** Records follows **

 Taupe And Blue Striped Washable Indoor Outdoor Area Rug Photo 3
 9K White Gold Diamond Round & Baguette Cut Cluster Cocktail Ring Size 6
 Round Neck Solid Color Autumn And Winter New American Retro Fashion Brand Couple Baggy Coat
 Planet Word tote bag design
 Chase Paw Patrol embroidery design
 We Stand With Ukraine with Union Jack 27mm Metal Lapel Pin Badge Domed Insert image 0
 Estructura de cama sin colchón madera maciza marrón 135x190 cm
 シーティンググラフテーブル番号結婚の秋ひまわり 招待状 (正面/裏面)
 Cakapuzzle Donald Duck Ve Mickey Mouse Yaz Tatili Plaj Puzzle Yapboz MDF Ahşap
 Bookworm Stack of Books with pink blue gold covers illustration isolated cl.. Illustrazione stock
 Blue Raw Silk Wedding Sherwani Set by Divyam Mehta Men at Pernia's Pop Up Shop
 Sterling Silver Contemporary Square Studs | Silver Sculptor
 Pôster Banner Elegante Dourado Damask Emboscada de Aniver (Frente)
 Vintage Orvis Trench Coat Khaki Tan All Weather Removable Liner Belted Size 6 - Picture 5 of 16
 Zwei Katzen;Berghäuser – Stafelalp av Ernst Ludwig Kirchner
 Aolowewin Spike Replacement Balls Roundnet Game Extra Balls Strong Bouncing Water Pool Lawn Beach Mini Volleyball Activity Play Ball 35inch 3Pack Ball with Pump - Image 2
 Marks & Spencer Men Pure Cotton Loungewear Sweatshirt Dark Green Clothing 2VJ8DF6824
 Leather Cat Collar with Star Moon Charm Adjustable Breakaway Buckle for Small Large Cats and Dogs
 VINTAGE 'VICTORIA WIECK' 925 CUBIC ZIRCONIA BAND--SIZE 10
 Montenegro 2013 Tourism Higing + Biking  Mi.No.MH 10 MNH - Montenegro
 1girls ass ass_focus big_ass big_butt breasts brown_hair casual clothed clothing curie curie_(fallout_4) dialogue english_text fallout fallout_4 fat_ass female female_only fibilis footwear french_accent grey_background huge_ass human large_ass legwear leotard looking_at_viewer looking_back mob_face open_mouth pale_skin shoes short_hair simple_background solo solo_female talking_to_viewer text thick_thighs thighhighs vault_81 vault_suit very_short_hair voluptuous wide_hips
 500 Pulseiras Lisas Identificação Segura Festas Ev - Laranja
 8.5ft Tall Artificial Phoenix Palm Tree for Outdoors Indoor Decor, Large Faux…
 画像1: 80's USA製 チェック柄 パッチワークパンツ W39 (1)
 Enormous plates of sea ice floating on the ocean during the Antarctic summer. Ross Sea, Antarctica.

** End of Records **

> _Task description_:
Tally each line above that includes "Coat". Reply with the total only.

> _Completed task_:
2